Anhua County is in the central area of the Hunan Province of China. It is distributed between the altitudes of 27°58′54″ N and 28°38′37″ N and longitudes of 110°43′07″ E and 111°58′51″ E, as shown in Figure 1. The county has an area of about 4950 km², which contains 163 streams. The county has a subtropical seasonal monsoon climate with four distinct seasons and abundant rainfall. According to meteorological data from 1963 to 2012 (50 years), the annual average temperature is about 16.4 °C, while the average temperature in July and January is 27.5 °C and 4.6 °C, respectively. Meanwhile, the area is one of the four major rainstorm centres in Hunan Province. The average annual precipitation is 1738 mm, and the annual average number of precipitation days is 170.86 mm. The county is located at the hinterland of the Xuefeng Mountains, which pertains to a medium and low mountain landform. Within the territory of the county, the mountains stand tall and the terrain is strongly cut with very developed V-shaped valleys as well as steep slopes. Besides, from the census of 2013, over one million people are living in the area, implying many human engineering activities there. As such, the county is a landslide-prone area. During the years from 2015 to 2018, about 8,260 people were affected by the landslides in the study area, with two deaths and a direct economic loss of about 121.452 million yuan.
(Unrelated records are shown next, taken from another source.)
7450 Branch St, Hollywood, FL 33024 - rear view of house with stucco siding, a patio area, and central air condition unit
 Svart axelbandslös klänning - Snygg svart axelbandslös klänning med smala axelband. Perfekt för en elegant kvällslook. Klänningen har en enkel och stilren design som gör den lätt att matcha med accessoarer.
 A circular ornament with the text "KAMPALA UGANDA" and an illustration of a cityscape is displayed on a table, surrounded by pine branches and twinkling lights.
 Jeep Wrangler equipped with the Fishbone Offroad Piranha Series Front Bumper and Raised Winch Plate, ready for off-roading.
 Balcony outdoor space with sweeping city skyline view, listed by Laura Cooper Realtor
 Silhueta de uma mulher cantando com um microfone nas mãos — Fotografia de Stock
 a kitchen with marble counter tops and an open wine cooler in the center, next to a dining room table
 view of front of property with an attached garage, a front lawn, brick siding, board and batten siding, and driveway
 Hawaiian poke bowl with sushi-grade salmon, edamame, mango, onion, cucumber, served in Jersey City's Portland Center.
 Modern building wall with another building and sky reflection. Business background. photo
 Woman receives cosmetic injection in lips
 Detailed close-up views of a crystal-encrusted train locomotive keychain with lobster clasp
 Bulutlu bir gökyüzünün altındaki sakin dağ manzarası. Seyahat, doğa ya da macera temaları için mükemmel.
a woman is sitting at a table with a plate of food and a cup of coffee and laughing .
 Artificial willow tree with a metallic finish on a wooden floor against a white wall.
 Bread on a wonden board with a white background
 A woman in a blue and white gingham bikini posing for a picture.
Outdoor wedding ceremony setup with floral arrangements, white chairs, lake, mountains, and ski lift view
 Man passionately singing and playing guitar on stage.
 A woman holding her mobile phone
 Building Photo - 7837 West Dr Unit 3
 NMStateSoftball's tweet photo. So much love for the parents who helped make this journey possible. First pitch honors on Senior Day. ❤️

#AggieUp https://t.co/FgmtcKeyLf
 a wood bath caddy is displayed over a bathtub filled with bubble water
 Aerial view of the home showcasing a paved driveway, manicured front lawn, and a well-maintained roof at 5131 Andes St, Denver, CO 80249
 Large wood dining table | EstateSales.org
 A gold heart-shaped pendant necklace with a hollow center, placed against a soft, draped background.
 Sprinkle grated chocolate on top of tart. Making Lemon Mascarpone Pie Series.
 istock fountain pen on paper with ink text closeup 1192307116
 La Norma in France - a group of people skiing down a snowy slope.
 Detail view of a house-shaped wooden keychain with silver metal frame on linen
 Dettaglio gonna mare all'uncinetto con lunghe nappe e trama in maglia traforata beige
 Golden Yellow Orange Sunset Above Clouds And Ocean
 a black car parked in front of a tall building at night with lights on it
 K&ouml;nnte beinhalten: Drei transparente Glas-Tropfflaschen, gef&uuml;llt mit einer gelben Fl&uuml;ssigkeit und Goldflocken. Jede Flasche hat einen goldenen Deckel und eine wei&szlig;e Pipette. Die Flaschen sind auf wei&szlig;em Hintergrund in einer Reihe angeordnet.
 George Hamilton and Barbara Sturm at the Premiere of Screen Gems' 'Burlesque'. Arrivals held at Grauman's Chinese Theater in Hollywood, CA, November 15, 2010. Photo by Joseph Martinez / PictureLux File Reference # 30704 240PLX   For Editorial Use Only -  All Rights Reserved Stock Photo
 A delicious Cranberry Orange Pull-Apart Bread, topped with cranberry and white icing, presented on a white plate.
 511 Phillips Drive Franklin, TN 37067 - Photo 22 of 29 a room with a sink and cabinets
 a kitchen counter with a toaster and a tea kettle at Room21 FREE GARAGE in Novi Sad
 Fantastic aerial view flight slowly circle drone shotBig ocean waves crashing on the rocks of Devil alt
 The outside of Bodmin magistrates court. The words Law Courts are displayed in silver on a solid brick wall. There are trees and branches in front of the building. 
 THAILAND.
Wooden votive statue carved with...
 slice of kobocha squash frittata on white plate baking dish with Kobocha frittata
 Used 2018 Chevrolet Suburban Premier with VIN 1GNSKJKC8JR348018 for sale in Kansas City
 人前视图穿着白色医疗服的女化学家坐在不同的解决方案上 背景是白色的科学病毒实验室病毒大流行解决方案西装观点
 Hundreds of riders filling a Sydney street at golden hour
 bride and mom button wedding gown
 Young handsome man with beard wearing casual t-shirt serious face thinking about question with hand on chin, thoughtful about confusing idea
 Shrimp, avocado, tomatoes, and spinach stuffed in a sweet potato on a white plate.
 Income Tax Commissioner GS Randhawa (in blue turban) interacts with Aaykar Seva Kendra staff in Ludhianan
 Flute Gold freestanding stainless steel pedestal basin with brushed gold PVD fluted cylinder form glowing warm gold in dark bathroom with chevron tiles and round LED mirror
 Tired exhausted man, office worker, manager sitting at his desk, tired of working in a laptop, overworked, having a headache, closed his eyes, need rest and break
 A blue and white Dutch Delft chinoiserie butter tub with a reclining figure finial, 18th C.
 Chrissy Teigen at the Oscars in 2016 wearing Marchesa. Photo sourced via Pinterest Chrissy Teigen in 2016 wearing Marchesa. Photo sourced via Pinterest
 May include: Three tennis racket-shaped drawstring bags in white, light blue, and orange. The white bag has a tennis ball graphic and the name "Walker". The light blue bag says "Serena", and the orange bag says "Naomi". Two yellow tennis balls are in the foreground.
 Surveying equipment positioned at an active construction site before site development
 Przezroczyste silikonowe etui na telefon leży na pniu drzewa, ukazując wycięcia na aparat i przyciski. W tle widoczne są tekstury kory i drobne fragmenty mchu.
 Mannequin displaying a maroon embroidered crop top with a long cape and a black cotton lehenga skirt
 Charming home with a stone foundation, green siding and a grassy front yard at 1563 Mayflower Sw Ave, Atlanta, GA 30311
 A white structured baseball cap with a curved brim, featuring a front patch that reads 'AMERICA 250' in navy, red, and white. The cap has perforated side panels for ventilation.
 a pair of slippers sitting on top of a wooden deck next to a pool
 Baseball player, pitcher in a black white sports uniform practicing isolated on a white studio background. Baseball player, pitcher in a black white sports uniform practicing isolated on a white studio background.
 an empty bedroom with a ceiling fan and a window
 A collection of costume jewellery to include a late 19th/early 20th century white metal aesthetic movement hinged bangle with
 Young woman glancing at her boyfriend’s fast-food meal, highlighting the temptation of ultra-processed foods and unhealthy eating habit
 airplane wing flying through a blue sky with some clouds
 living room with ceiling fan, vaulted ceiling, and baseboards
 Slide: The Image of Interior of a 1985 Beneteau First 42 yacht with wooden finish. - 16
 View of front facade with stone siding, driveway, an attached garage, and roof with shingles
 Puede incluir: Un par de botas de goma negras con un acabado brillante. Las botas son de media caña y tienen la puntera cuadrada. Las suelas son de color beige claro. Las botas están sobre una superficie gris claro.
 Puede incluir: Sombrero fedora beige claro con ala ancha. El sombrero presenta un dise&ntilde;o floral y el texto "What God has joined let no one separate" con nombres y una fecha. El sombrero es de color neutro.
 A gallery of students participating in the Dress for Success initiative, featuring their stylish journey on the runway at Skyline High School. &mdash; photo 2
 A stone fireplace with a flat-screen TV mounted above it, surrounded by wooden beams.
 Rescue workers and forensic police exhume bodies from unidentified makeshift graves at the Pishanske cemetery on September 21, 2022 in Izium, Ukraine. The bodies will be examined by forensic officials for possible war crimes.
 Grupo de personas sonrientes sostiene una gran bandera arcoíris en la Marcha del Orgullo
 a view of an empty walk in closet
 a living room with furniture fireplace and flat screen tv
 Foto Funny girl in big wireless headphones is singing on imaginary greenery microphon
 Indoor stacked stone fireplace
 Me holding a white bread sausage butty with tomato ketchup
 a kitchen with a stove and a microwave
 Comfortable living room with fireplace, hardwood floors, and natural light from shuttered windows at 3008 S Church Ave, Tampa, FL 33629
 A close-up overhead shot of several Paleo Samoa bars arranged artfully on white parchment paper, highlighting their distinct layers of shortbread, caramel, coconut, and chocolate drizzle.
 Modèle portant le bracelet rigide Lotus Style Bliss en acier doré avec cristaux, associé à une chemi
Figure 1. Location of the study area and landslide inventory map.

2.2. Landslide inventory

Based on the assumption that future landslides will take place under the environmental conditions where past landslides occurred (Guzzetti et al. 1999), it is important to obtain an accurate landslide inventory map for statistical LSM. Landslide inventory can be prepared in various ways, such as field surveys and satellite image recognition (Sara et al. 2015; Chen et al. 2017). In this study, 434 landslides are obtained through field surveys and referring to the historical materials of the Geological Disaster Emergency Center of Hunan Province, as schematically shown in Figure 1. In general, it is seen from the figure that the landslides are distributed all over the study area. They are characterized by large amounts, small scales, and wide distributions. Statistics show that the landslide volume ranges from 8 m³ to 1.5 × 10⁵ m³, and soil and gravel soil landslide are the main landslides that account for the majority of these recorded landslides (Figure 2). These landslides are mainly activated by seasonal heavy rainfall and frequent human engineering activities (e.g. cutting slopes for buildings and roads, changes in vegetation). Considering the common process for LSM, these landslide samples are randomly divided into two parts: 304 (70%) samples out of them are used for training and the remaining 130 (30%) samples are retained for the validation of the calibrated susceptibility models (Dou et al. 2019; Wang et al. 2020). Note that such ratio of training and validating data has been widely used in the literature (Pham et al. 2019; Hu et al. 2020; Zhao and Chen 2020; Dou et al. 2020b) and some internal analyses also found this ratio yield good results.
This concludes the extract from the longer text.